A sus 91 años, María Williams ha sufrido la pérdida de 3 de sus 11 hijos. Foto: Raúl Vejar Williams.

Sonaron los cohetes, los fosforitos, los traqui traquis y se alumbró el cielo de colores. De repente un rojo desaparecía y entraba un verde, luego el blanco. La música de los vecinos a todo volumen, los gritos de alegría de la cuadra… nada concordaba con lo que le pasaba a los Williams en ese momento. Escuchamos la celebración de todos en Ciudad Bolívar, felices por un nuevo año.  Pero la familia lloraba.
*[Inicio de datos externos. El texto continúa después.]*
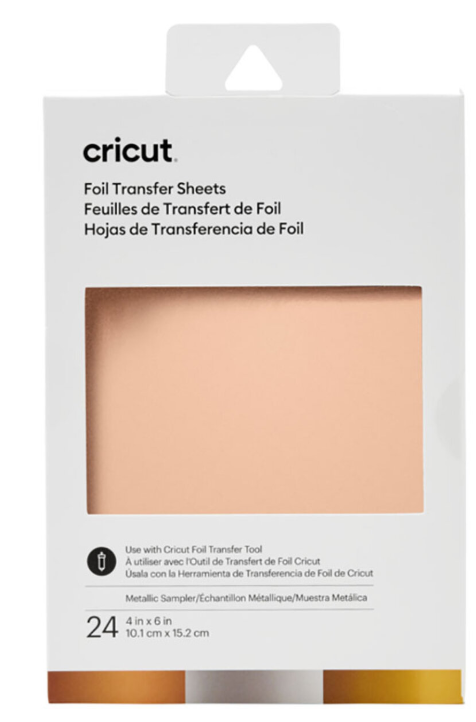 Cricut Transfer Folyo Sayfa 10X15 cm 24 Sayfa Metalik 2008716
“Esto es como para no olvidarlo nunca…”, lloraba Gisela mientras reventaba el año, recordando a su Omaira, esa que la vio crecer y la crió junto a  su mamá. La que le bordaba el uniforme del colegio con tela de sacos de papas. Esa que trabajaba duro para ayudar a que el pan no faltara en la mesa. A la Omaira que fue tía, abuela y madre de cada primo, sobrino y hermano.
Cinco años después, como si de un destino escrito se tratase, otro hijo se le había muerto a María Williams. En el velorio, ya envuelta en su propia demencia senil, perdida por minutos, lúcida en otros, repitió las palabras que todos esperábamos.
─Yo no voy a poder aguantar que otro hijo se me muera ─esto lo dijo al lado de su ataúd, no hubo chance de cremar a Omaira.
Ayer hablé con mi abuela sobre mis tíos y ella no recordaba que Omaira ya no estaba. En vez de llorar, se rió. Le habló a su reflejo en el espejo por un rato. A veces nos asusta a mi mamá y a mí cuando hace eso... nos dice que platica con sus muertos.